Start of Record set

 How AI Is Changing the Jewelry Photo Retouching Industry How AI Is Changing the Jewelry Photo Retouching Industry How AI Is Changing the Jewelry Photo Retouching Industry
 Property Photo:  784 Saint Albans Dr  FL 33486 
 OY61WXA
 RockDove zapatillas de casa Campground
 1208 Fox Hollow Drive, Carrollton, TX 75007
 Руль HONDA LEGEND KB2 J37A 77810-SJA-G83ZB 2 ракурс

End of Record set
Start of Record set

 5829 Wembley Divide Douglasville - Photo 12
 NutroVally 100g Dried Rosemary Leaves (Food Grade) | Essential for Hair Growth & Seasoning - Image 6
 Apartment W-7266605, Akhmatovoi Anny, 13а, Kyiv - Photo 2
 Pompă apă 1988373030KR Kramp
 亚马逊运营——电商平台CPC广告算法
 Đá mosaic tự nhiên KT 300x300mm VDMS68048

End of Record set
Start of Record set

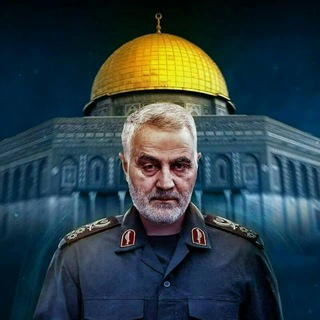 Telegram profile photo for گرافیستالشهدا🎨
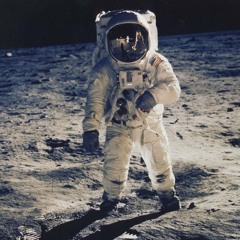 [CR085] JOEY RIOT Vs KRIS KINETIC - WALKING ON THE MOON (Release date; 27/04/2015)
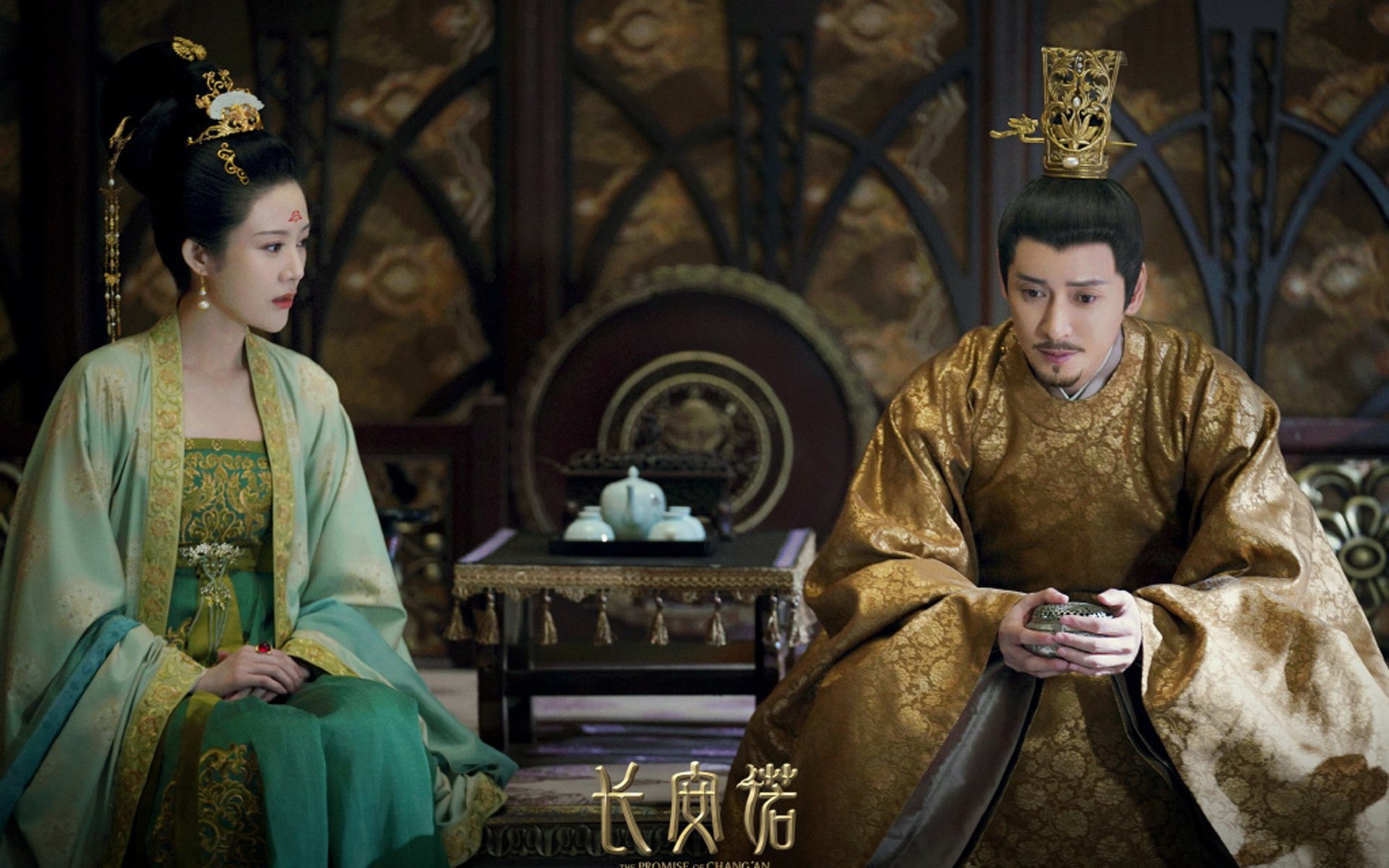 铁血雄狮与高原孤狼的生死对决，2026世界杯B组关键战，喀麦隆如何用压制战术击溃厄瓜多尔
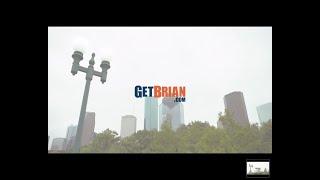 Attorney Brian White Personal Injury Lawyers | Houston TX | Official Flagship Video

End of Record set

## Task prompt
From the records above, print exactly the lines that run from the line with "Pompă apă 1988373030KR Kramp" to the line with "Đá mosaic tự nhiên KT 300x300mm VDMS68048", inclusive.

## Exercise answer
 Pompă apă 1988373030KR Kramp
 亚马逊运营——电商平台CPC广告算法
 Đá mosaic tự nhiên KT 300x300mm VDMS68048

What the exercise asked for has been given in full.